Le Code des transports de 2010 a introduit la notion de gens de mer, anticipant sur l’entrée en vigueur de la Convention du travail maritime de 2006 de l’OIT. Celle-ci assimile les notions de gens de mer et de marin : « gens de mer ou marin désigne les personnes employées ou engagées ou travaillant à quelque titre que ce soit à bord d'un navire auquel la présente convention s'applique » (art. II-1-f ). Cette approche large a été retenue afin de limiter la segmentation des statuts, liée à la pratique d’ouvriers embarqués pour l’entretien du navire, travailleurs terrestres à bord. Cependant, elle permet aux Etats, qui l’ont ratifié, des dérogations quand les personnels sont embarqués occasionnellement et ne participent pas aux fonctions du navire ; il existe donc à bord des personnels autres que gens de mer. 

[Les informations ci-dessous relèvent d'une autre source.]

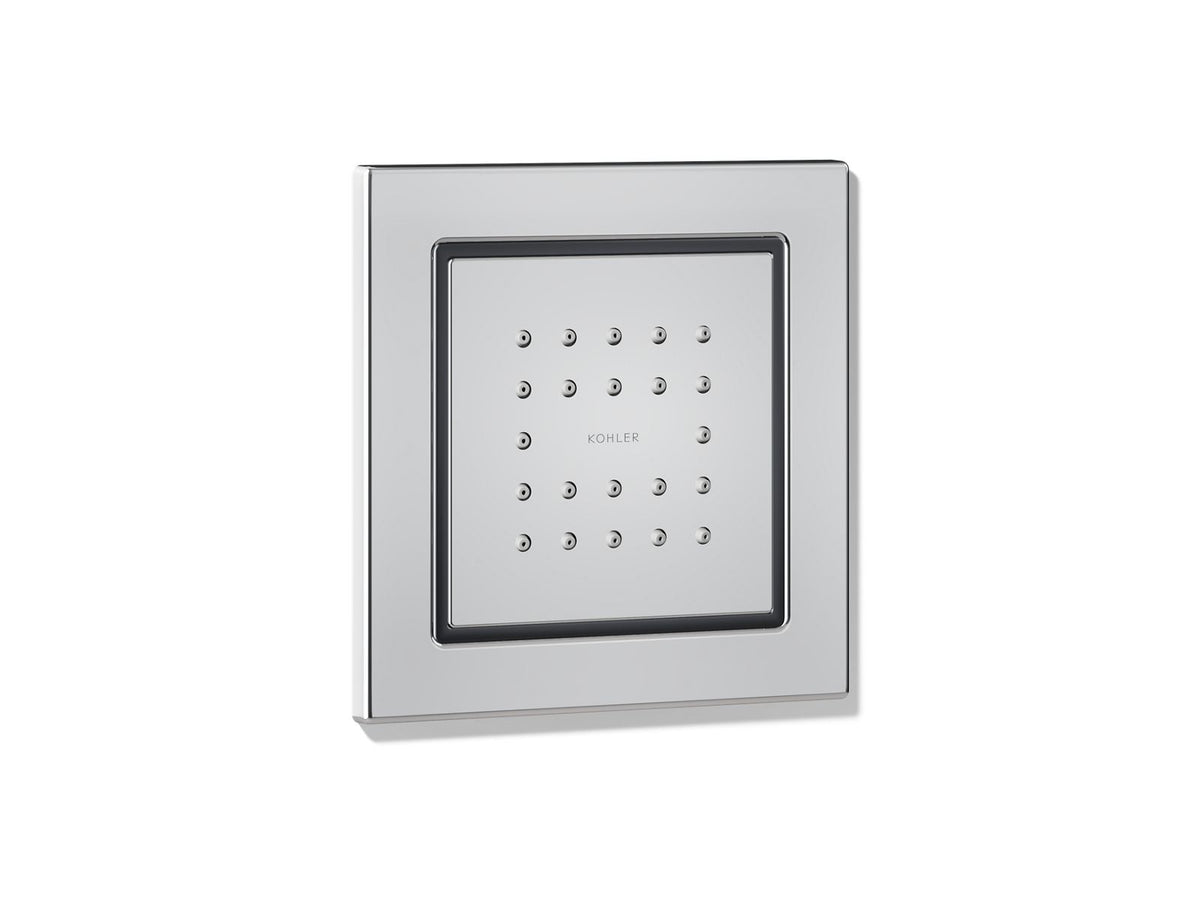 Kohler K-8003-CP Polished Chrome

Compte tenu des spécificités du régime spécial de sécurité sociale des marins, l’Établissement National des Invalides de la Marine (ENIM), il est apparu nécessaire en France de distinguer les gens de mer marins, affiliés à l’ENIM, et les gens de mer non marins, le plus souvent affiliés au Régime général de sécurité sociale des Travailleurs salariés (RGSSTS). Les gens de mer non marins travaillant à bord d’un navire, relèvent du droit du travail maritime, ce mélange de règles du code du travail et du code des transports, mais un mélange différent de celui applicable aux gens de mer marins (P. CHAUMETTE, « Gens de mer marins, gens de mer non marins et autres », DMF 2016, n° 781, pp. 483-494 : « Perspectives sur le droit social des gens de mer », DMF 2023, n° 863, Le DMF a 100 ans, pp. 1001-1004). Il en résulte une fragmentation des statuts professionnels, ici illustrée.

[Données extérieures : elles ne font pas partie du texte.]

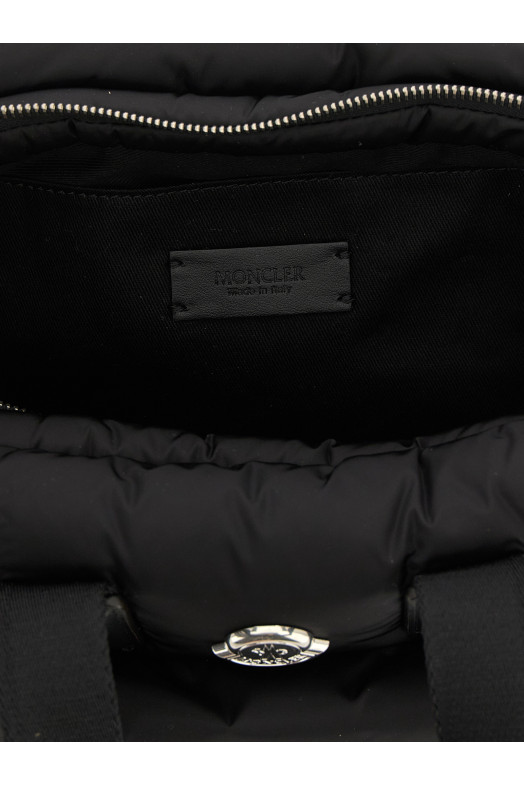 'Mini Caradoc' handbag Black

L'article L. 5511-1 du code des transports distingue les gens de mer et les marins : les marins sont des gens de mer salariés ou non salariés exerçant une activité directement liée à l'exploitation du navire (3°) ; il existe des marins au commerce et des marins à la pêche. Les gens de mer sont toutes personnes salariées ou non salariées exerçant à bord d'un navire une activité professionnelle à quelque titre que ce soit (4°). Donc les marins font partie des gens de mer, mais il existe des gens de mer non marins, ou autres que marins, dont le régime juridique est défini par les articles L 5549-1 à L. 5549-5 du Code des transports. Le décret n° 2015-454 du 21 avril 2015 est relatif à la qualification de gens de mer et de marins : il précise la notion d’exploitation à bord qui comporte les activités professionnelles relatives à la marche, à la conduite ou à l'entretien ainsi que celles qui sont nécessaires pour assurer l'ensemble des fonctionnalités du navire (art. R. 5511-1). Certaines fonctions sont réputées relever de la qualification de marin (art. R. 5511-2). Les gens de mer autres que marins sont les agents des entreprises privées de protection des navires, les personnels de restauration, qui ne servent pas l’équipage du navire ou des passagers (art. R. 5511-3 et R. 5511-4) ; il s’agit aussi des personnels « autres que gens de mer » exerçant à bord plus de 45 jours sur une période de six mois consécutifs (art. R. 5511-5, R. 5511-6 et R. 5511-7) (P. CHAUMETTE, « Gens de mer marins, gens de mer non marins et autres », DMF 2016, n° 781, pp. 483-494). Ces diverses catégories donnent lieu à des régimes juridiques plus ou moins différents.

Aux termes l’article L 5542-48 C. transports, dans sa rédaction antérieure à celle issue de la loi n° 2019-1446 du 24 décembre 2019, « tout différend qui peut s'élever à l'occasion de la formation, de l'exécution ou de la rupture d'un contrat de travail entre l'employeur et le marin est porté devant le juge judiciaire. Sauf en ce qui concerne le capitaine, cette instance est précédée d'une tentative de conciliation devant l'autorité compétente de l'Etat. » La loi du 24 décembre 2019 a étendu la tentative de conciliation aux litiges concernant le capitaine du navire.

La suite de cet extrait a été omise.